Nevertheless, the Puritan minority, reinforced by the good sense of a majority of the Pioneers, very quickly succeeded in modifying the free and easy life of San Francisco, and later of the mining regions. Gamblers of the better sort, and business men in general, welcomed and supported the churches as tending to the peace and prosperity even of the Pacific Slope. “I have known five men,” wrote the Reverend Mr. Colton, “who never contributed a dollar in the States for the support of a clergyman, subscribe here five hundred dollars each per annum, merely to encourage, as they termed it, ‘a good sort of a thing in a community.’”[81]
The steps taken in 1850 and 1851 to prohibit or restrain gambling have already been noticed.
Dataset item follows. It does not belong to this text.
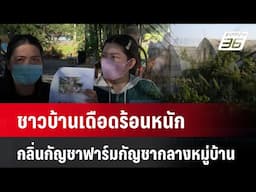 ชาวบ้านเดือดร้อนหนักกลิ่นกัญชาฟาร์มกัญชากลางหมู่บ้าน| เที่ยงทันข่าว |  5 ก.พ. 68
In August, 1850, the Grand Jury condemned bull-baiting and prize-fighting at any time, and theatrical and like exhibitions on Sunday. In September of the same year, the “Sacramento Transcript” said, “The bull-fights we have had in this city have been barbarous and disgusting in the extreme, and their toleration on any occasion is disgraceful.”
This sentiment prevailed, and shortly afterward bull-fights in Sacramento were forbidden by city ordinance. A year later gambling houses and theatres, both in San Francisco and Sacramento, were closed on Sunday, and we find the “Alta California” remarking on a Monday morning in May, “Yesterday all was like Sunday in the East, as quiet as the fury of the winds would allow. Two years ago under similar circumstances many hundreds of men would have forgotten the day, and the busy hum of business would have rung throughout the land.”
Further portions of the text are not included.